Histoire et biologie
Les conversations entre ces apprentis professeurs sur des thèmes comme l’Histoire et la biologie servent moins de marqueur sociologique d’une certaine élite universitaire comme dans le film de Noah Baumbach intitulé Kicking and Screaming consacré au même segment de population, que comme des ouvertures spirituelles et métaphysiques sur une Nature dépassant le microcosme de l’université. Ainsi, par l’intermédiaire du jeu et du passe-temps, ce sont les règles de la biologie et de l’Histoire qui sont comme défiées par cette bande de grands adolescents que l’on peine à différencier les uns des autres.
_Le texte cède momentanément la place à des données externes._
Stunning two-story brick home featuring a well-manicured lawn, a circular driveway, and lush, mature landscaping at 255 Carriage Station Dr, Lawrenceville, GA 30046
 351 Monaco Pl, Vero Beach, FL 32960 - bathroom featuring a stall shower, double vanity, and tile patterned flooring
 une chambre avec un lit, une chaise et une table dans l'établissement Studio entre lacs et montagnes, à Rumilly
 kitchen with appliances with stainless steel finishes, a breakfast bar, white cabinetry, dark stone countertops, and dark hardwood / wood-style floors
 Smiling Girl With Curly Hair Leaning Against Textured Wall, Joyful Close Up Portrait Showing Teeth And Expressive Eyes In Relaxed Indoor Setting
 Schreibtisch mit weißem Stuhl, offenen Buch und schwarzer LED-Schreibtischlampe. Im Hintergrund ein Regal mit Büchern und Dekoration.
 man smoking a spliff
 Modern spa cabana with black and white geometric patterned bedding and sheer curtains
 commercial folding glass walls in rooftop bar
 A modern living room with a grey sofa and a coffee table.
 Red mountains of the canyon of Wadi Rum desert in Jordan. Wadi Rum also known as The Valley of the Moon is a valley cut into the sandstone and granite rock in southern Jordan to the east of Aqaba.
Tous les moyens sont bons pour remettre leur âge en question, s’approcher toujours plus près d’une jeunesse qu’ils voudraient n’avoir pas perdu : sur le campus, on s’embrasse plus que l’on couche ensemble et les tentatives de séduction consistent souvent en des scènes nocturnes d’action ou vérité avec des lycéennes ou des sessions prolongées de laser tag. Or, le film ne s’en tient pas à ce seul discours simpliste sur la thèse du retour en enfance. Au contraire, tout autour d’eux, également en suspens, le monde semble aussi avoir fait une cure de jouvence. Cela est tout d’abord dû à l’usage de la pellicule 16mm qui confère un effet désuet et muséal aux images que l’on dirait datées des années 90. Mais, le décor prolonge aussi de manière cosmique cette remontée dans le temps. Ainsi, lors de vacances réussies, quand les personnages gagnent finalement leur droit à la paresse, les strates du paysage sont exhibées comme en des temps ancestraux où les cellules humaines étaient en phase avec les molécules du paysage.